DATA FOR ANALYSIS:
══════════

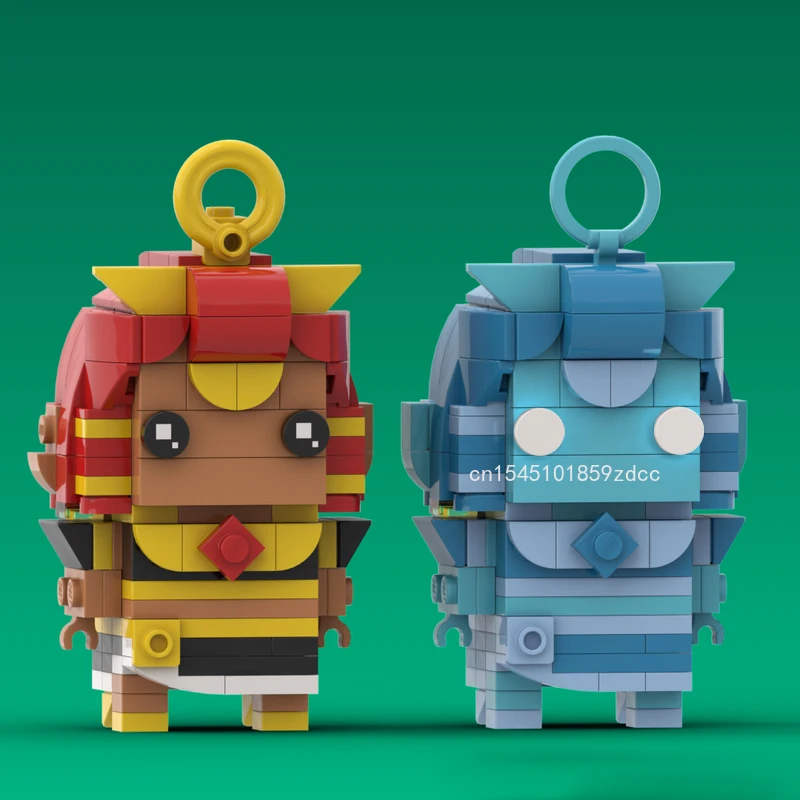 MOC 젤다드 Brickheadz Purah Mineru Rauru Riju 공주 모델 빌딩 블록 게임 액션 피규어 벽돌 장난감, 생일 선물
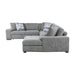 Homelegance - Raife 5 Piece Sectional with Right Chaise and Storage Ottoman in Gray - 9624GY*52LRC - GreatFurnitureDeal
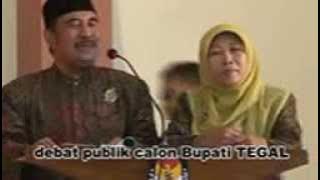 Entus umi (debat publik terbuka ke-5 pasangan calon bupati tegal)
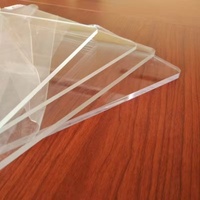 Plaque acrylique coulée ultra-transparente à haute transmission, panneau PMMA transparent pour signalétique et découpe laser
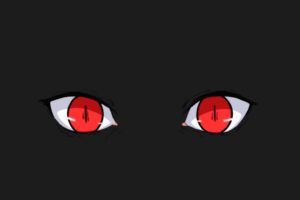 eyes, Kagerou Daze, Red eyes, Digital art, Anime, Kagerou Project, Black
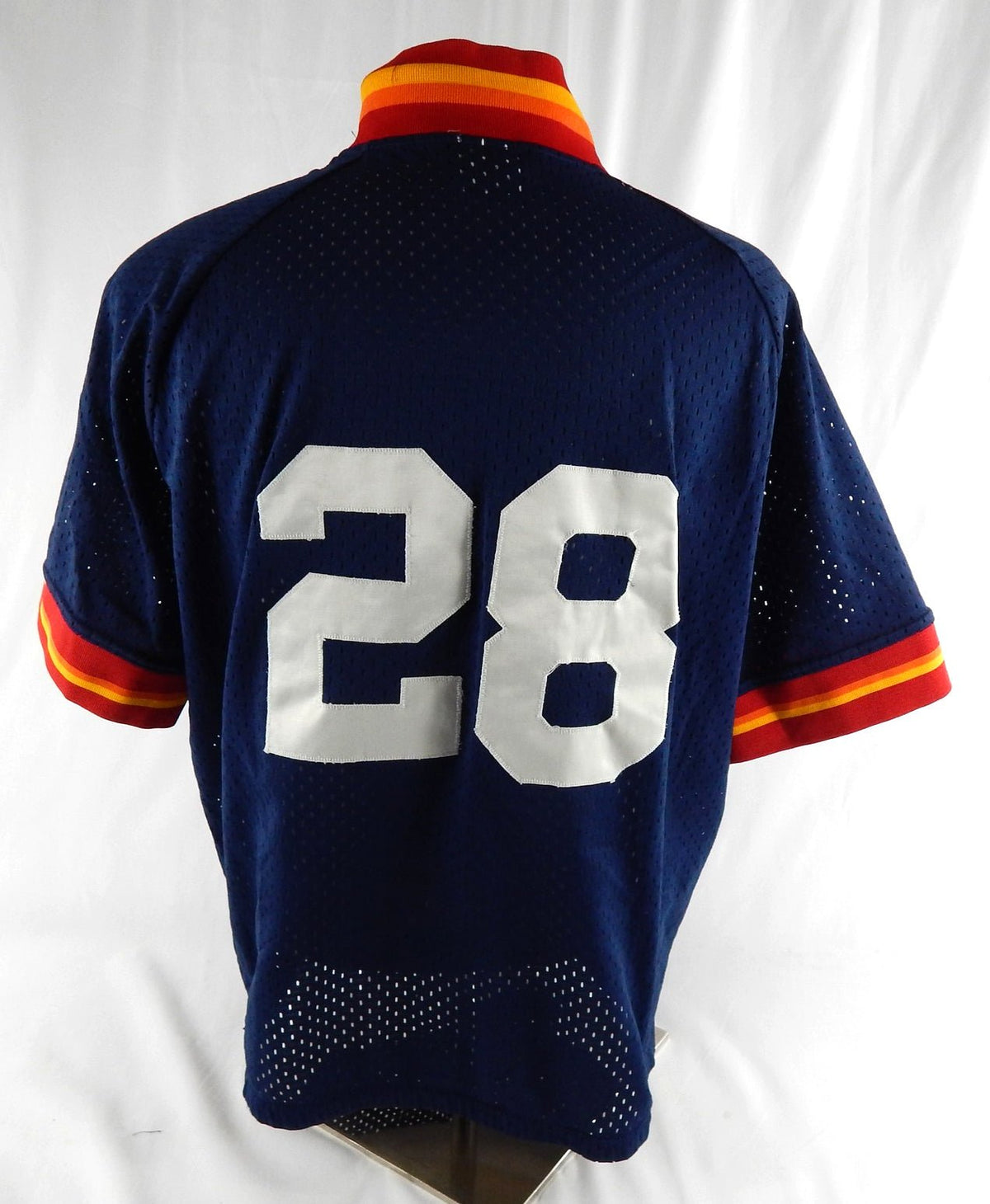 1986-92 Houston Astros #28 Game Used Navy Jersey Batting Practice XL 928 - DP117928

══════════

PROBLEM DESCRIPTION: Nothing but the lines from the one containing "eyes, Kagerou Daze, Red" through the final line of the entries above should be given again, each exactly as written; omit the pictures.

SOLUTION BELOW:
 eyes, Kagerou Daze, Red eyes, Digital art, Anime, Kagerou Project, Black
 1986-92 Houston Astros #28 Game Used Navy Jersey Batting Practice XL 928 - DP117928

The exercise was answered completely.